This sounds a bit like the old trick of setting your alarm clock 15 minutes fast to trick yourself into getting up earlier. It works at first, but eventually you get used to just making the adjustment in your head and hitting snooze a couple more times
If you own 100% of the business, then paying yourself for your own product is just a trick. But if you have partners and investors, then it will cost you (not the business) real money.
Agreed. It really depends on your market/product. Though I will say that finding a way to use your product (even if it is simply using your VoIP service at low-volume) will unearth the bugs you might otherwise be missing (but that your clients are definitely not).
Good idea. The pricing structure is part of the product. I did the halfway version of this in a previous project: there was a special magic credit card number which didn't actually get charged, but I got the emails every month telling me what had been fake-charged so I felt that part of the customer experience. Recommended.
Idea works well for subscription type payments. I don't know if it works that well for one-time software sales, though.
I'm making a mac application. Most likely I will be charging $50 for this application. It looks like my current design budget is about $1,500. I feel that if I find the product worth $1,500 someone might be willing to pay $50.
It's also a good sanity check on your payments process -- if you don't get charged, or you get charged too much, you'll know about it a lot sooner than if you waited for customer complaints to roll in.
People have wildly different notions about what they consider a reasonable price for something. Before I started making social apps, I was selling import books. I had people often paying $50 or more for something that in Japan might have cost $5. Definitely would have missed that if I had just tried to imagine what I would be willing to pay myself, only way I discovered the "real price" was by auctioning items first.

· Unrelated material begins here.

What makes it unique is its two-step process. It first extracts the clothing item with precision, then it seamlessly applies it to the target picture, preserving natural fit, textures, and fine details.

Not doing this is one of the biggest problems with Microsoft's internal dogfooding efforts, in my opinion. They dogfood just about every feature of every product MS offers, but the one thing they never, ever dogfood is licensing and pricing. Everyone just installs "Windows X Ultimate" or "Windows Server X Enterprise Edition" or "Visual Studio X Team System" or "SQL Server X Enterprise" as many times on as many machines supporting as many users as they feel like, rather than being pressured by budgetary constraints to pick the product that meets their needs best at a price they can afford.

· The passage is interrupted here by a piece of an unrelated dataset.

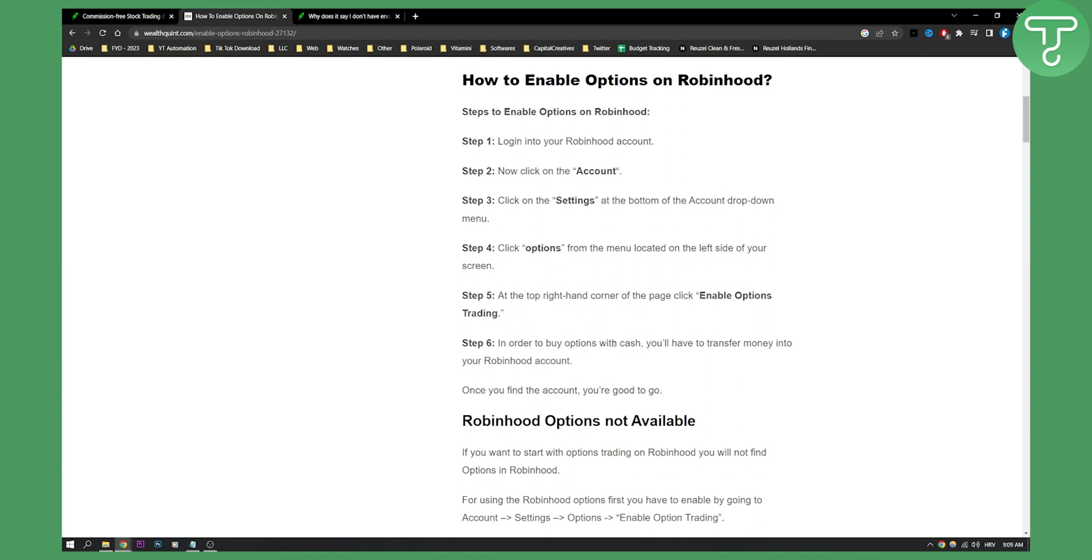Now in order to buy options with cash, you'll have to transfer money into your Robinhood account. Once you click enable options trading, you will need to go through the whole process where they will ask you a couple of questions. You will just need to apply for that.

The result is that most of the MS rank and file remain blithely ignorant of the extremely high retail prices of these products and their convoluted (sometimes almost punitive) licensing schemes. Given that licensing and pricing is a critical aspect of software use and can easily make the difference between user satisfaction and user desertion to a competitor's product, I've always felt this oversight hurt Microsoft far more than they imagine.

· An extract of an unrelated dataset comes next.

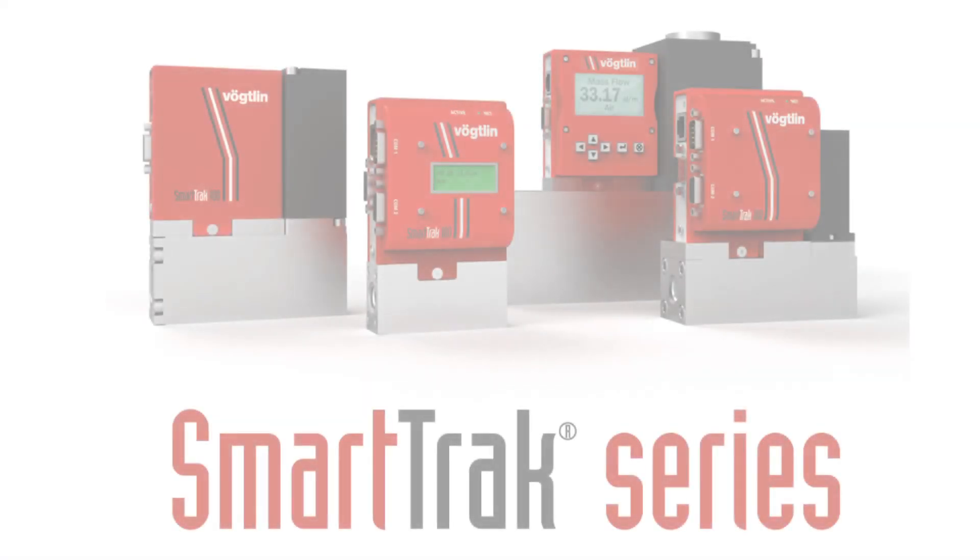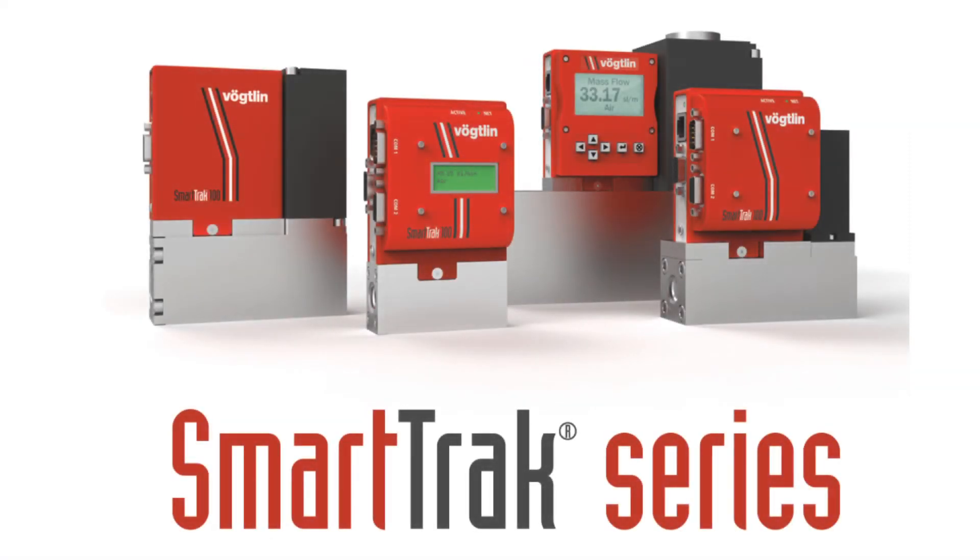Have success with the new SmartTrak 100 series of thermal mass flow devices.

If someone were so inclined to write an audit application that did nothing but watch processes (I'm assuming, unless there's a better way) of paid applications they'd have a viable business.*
I don't know about the experience of others, but I've been in several situations where I've been given a large amount of software, some per desktop, some seat based that I never ever used. It wasn't even as if I purposely dodged the applications. They were paid for, but just sat there.
No inclination to look and see if one already exists.
When I worked there a few years back, the developer tools team was begging for any feedback. The rest of the company would install Visual Studio Glacial Epic Edition and maybe fire it up to edit the odd dialog template, but did as much work as they could in vim or emacs and sometimes windbg (a much more powerful standalone debugger from the same team). Even if you wanted to use it, you were on your own getting it to compile your code, because the build system everyone else used (a make clone with specific support for win32 binaries) didn't interop at all with Visual Studio project files.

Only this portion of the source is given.